Quando o exame urinário vem positivo, o próximo passo é realizar exames de imagem para localizar o tumor para guiar o tratamento cirúrgico. Em casos em que a suspeita clínica seja alta, mas o exame de urina esteja normal, outros exames são necessários. Os mais sensíveis são a ressonância magnética e a tomografia computadorizada com a emissão de pósitrons (PET CT), capazes de descobrir mesmo os menores tumores de até 1 cm. Este último exame pode auxiliar na descoberta de feocromocitomas também localizados fora do local mais comum que são as suprarrenais, como, por exemplo, no intestino, onde são chamados de tumores carcinoides.

A maioria dos feocromocitomas ocorre nas glândulas suprarrenais, mas 10% deles podem ocorrer nos intestinos, na artéria aorta (no arco aórtico ou no órgão de Zuckerkandl) e no mediastino.

Confirmada a presença do feocromocitoma (ou dos carcinoides), estamos diante de uma urgência de tratamento, que deve ser realizado por profissionais experientes neste problema.  O tratamento é cirúrgico e envolve uma preparação de cerca de 7 dias para conter os efeitos da adrenalina em excesso (com bloqueadores alfa e beta) antes da retirada dos tumores, que podem estar presentes em ambos os rins.

É preciso lembrar que os feocromocitomas ignorados podem ameaçar a vida, especialmente durante cirurgias e durante a gravidez.

Os casos mais graves, quando os feocromocitomas são malignos (10%), devem ser tratados com cirurgia e quimioterapia associada.

Mais uma vez, lembramos que é importante medir a pressão arterial de todas as pessoas com NF1 regularmente e, também, não esquecer de questionar os pacientes sobre os principais sintomas que possam dar pista ao diagnóstico (dor de cabeça, palpitação e suor aumentado).

 

E quando a pressão está aumentada sem uma causa definida na NF1?

 

Como vimos acima, as pessoas com NF1 correm maior risco de apresentarem dois problemas que causam aumento da pressão arterial: displasia da artéria renal (com estenose ou obstrução do fluxo de sangue para um ou os dois rins) e feocromocitoma (um tumor capaz de produzir adrenalina).

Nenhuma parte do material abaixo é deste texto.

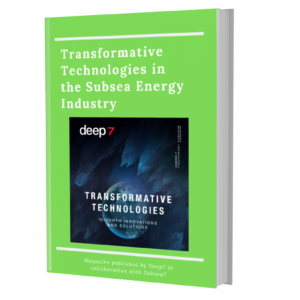 Transformative Technologies In The Subsea Energy Industry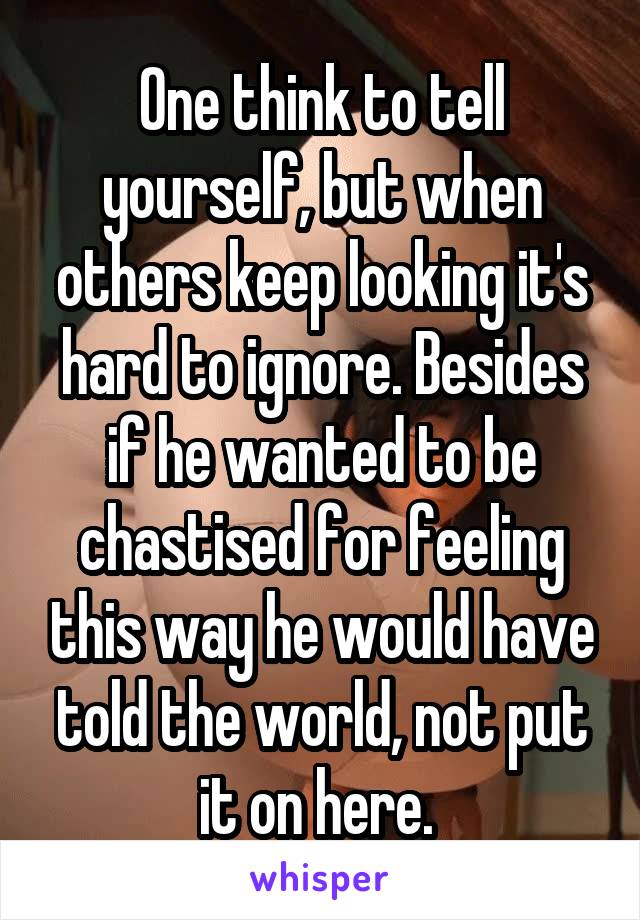 One think to tell yourself, but when others keep looking it's hard to ignore. Besides if he wanted to be chastised for feeling this way he would have told the world, not put it on here. 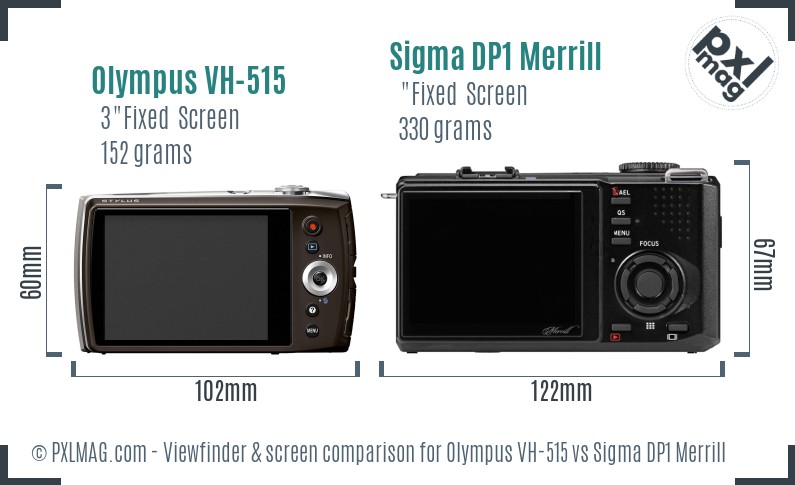 Olympus VH-515 vs Sigma DP1 Merrill Screen and Viewfinder comparison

No entanto, um estudo procurou saber se as crianças com NF1 apresentam pressão arterial maior do que a população infantil sem a doença (ver aqui artigo em inglês: AQUI ).

O grupo orientado por Shay Ben-Shachar mediu a pressão arterial 3 vezes em 224 crianças com NF1, metade meninas, com idade em torno de 9 anos. Os resultados da pressão arterial foram classificados de acordo com a idade, o sexo e o percentil da altura de cada uma delas, em normais (menor do que o percentil 85%), pré-hipertensos (entre os percentis 85 a 95%) e hipertensos (maior que o percentil 95%).

Os resultados mostraram que em torno de 13% das crianças com NF1 eram pré-hipertensas e outras 13% eram hipertensas, o que significa que a hipertensão arterial é dez vezes mais frequente em crianças com NF1 do que na população em geral.

Outro achado importante do estudo foi que a hipertensão era maior na primeira medida (20%) do que na terceira, por isso devemos repetir a medida quando encontramos valores altos da primeira vez.

As condições do estudo não permitiram aos autores confirmar ou excluir as alterações vasculares nas crianças com hipertensão, assim, ainda não sabemos a definição exata da causa da hipertensão arterial nas crianças com NF1, mas levantaram a hipótese de que a pressão arterial aumentada faça parte das características da NF1. Esta hipótese merece ser mais estudada no futuro.

De qualquer forma, este estudo confirma e aumenta a necessidade de vigilância sobre a pressão arterial de pessoas com NF1, pois se não for tratada a hipertensão arterial pode causas complicações, inclusive fatais.

Portanto, não se esqueça de medir a pressão arterial pelo menos uma vez por ano.